Irene: East Coast of US

The hype started a week before the waves arrived, just like it usually did.  In Florida, it seems there is more talking than surfing, because most of the time the waves that are craved are not present.   We settle to hang out at the boardwalk, to exchange stories about surf trips, and to daydream about those kinds of waves appearing on our coast.   

I tried to not let my hopes get too high, because hurricane swells could be so hit or miss.  They were difficult to predict, and often brought  strong winds that don't make for clean, organized waves.   There are also no channels to help the paddle out.   The swell doesn't usually stick around for long, as opposed to other places, where the swell might build for a few days, and then peak one day, and then drop off for a few more.  The waves are pumping one day and flat the next.  The window of the best surf is just that, a window.  If work or any kind of obligation interferes during the few golden hours,  it is over.  The missed waves will be talked about for weeks, or until the next swell arrives, which could be even longer.   East coast surfers are manic when a swell hits.

Thursday, August 25th brought massive surf to Cocoa beach, but also with it strong onshore winds.  The shore pound was six feet, and the waves on the outside closed out at twice that size.  Conditions were nasty, but the storm was supposed to pass that evening resulting in offshore winds the next day.

On Friday morning, when I checked the surf I was greeted by lined-up, easily overhead waves.  I surfed for five hours that day, leaving the ocean only once to chug some water.  Even though the sea lice attacked causing my entire body to itch, and the offshore spray stung my eyes, nothing compared to the fast drop and jacked up walls given by Irene, and somehow made these annoyances bearable.

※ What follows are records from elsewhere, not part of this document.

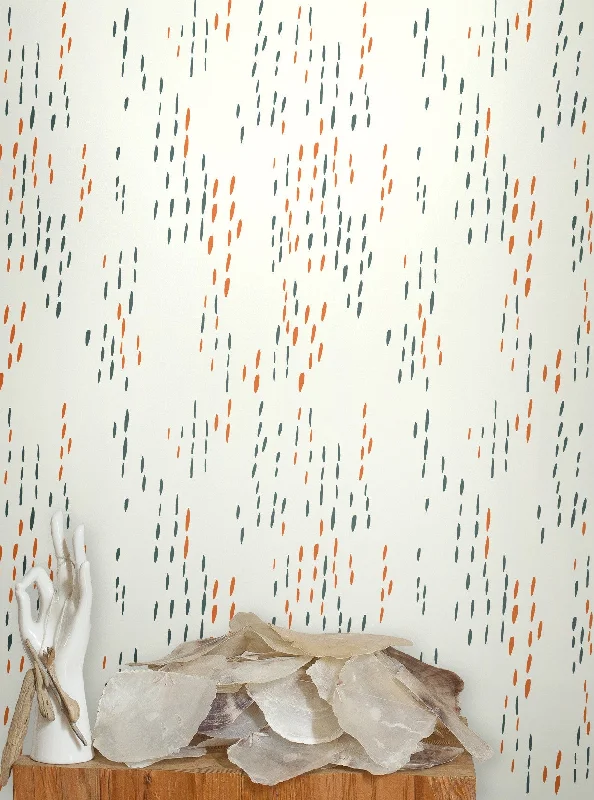 The Sou'wester Wallpaper in Gloaming Neon Orange and Aquatic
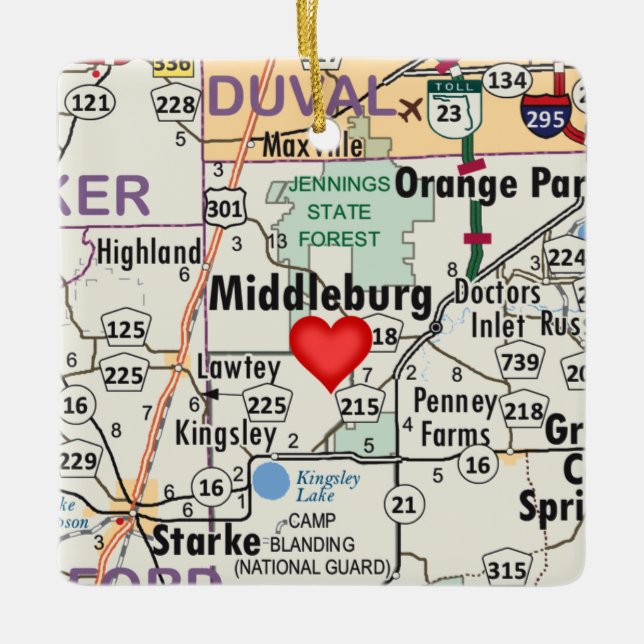 Middleburg Florida Karte Keramikornament (Vorderseite)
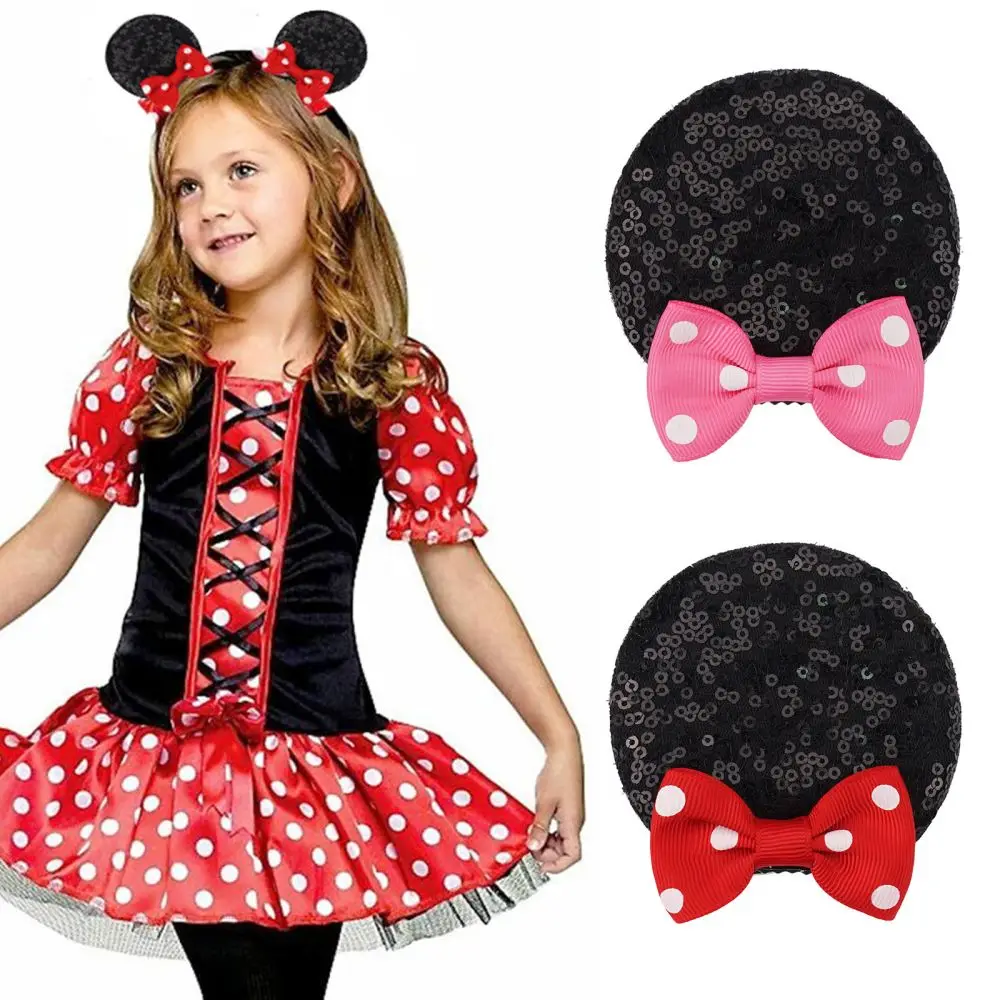 Sequin Mickey Mouse Ears Hair Clips Glitter Hair Bows Cute Minnie Barrettes for Women Girls Halloween Christmas Hair Accessories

I woke up early the next morning and went across the street with fresh, hazelnut coffee in hand.   There were already two other third street south locals assessing the conditions, and the boardwalk banter began.  Tom, a surfer in his seventies, was debating whether to surf now or wait for the higher tide.  “I only got so much in me before my joints start botherin’ me again, and then I am out for another two months.”

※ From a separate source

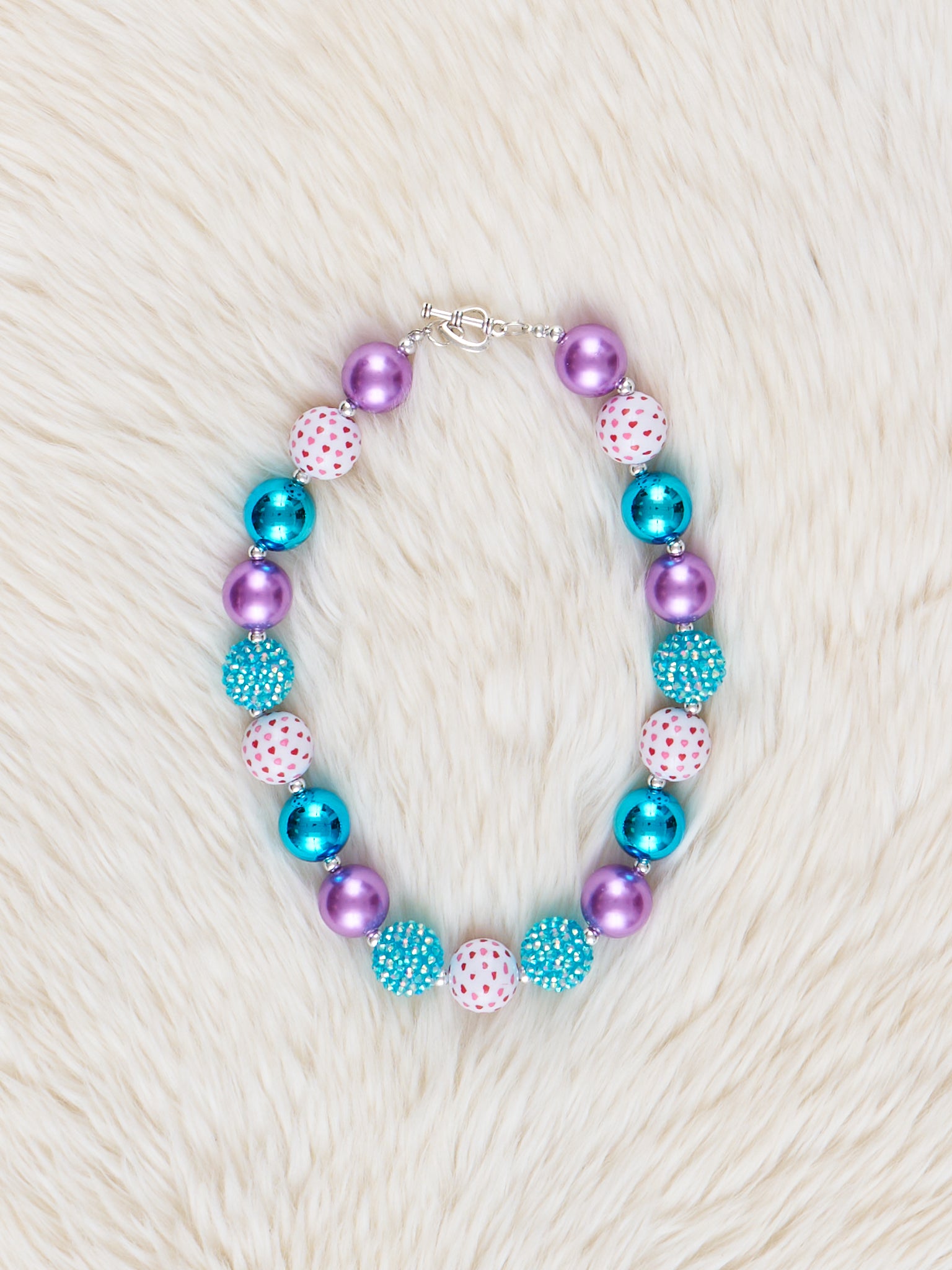 Purple & Turquoise Sparkle Bubblegum Necklace - Marie Nicole Clothing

“That’s a bummer, man… sorry about the joints.  I love surfing with you, you’re style is so old school.”

“I got no choice!” chuckled Tom.

Jack, another surfer in his sixties, was on the phone with a buddy who was checking Spanish House, a break that was known to get hollow given the right swell.  He reckoned that it might be good down there, or even up north at another break, Playalinda.  I waited to hear his report of what it was like down south.

“Bo says the swell is dieing down there, thinking the call is to head north,” Jack said after his phone conversation ended.

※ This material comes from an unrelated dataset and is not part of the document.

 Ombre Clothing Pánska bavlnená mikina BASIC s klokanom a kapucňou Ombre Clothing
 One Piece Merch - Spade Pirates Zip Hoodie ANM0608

I looked at the clean, offshore head high surf in my front yard, and decided to stay put.  A friend drove over from the west coast to surf, and we indulged in a four hour surf-a-thon.

By Sunday, the swell waned in Cocoa Beach, but it raged on up the east coast.  The joy Irene brought overshadowed the havoc and destruction she left in her wake after her brush with Cape Hatteras.  The storm built like unvented anger until it exploded there.

Not even a year ago, I was crossing the Avalon bridge to visit my friend in Hatteras.  The mellow vibe and cool chill of the Atlantic had a magnetizing power over me.  I returned each summer to spend a week or longer in the Outer Banks for the past ten years.  There was usually more power packed into the surf there, and I loved to stay in the doll house homes that sat on stilts and had huge wrap around porches filled with rocking chairs.  The perfect waves from Irene were bittersweet, because when I think about how badly she imposed and caused  people to lose their homes, electricity, and their roads destroyed, I wish she never came.


Dawn Gray Moraga is a surf sister of mine who lives part time in Nicaragua and part time in Hatteras.  She has lost her job due to the destruction of Irene, and being resilient as she is, is trying to earn money through her gift of painting.  She is doing original paintings for $100 each.  Her website is www.reddawndesigns.com, and you can email her at reddawn1982@yahoo.com.

Chaos ensues now more than ever before; tornadoes swept across the heartland earlier this year, earthquakes interrupted life in unlikely places, raging fires singed Texas and California, and now hurricanes.  This begs me to question if it is just the norm, or if it is more significant, like the labor pains that are promised?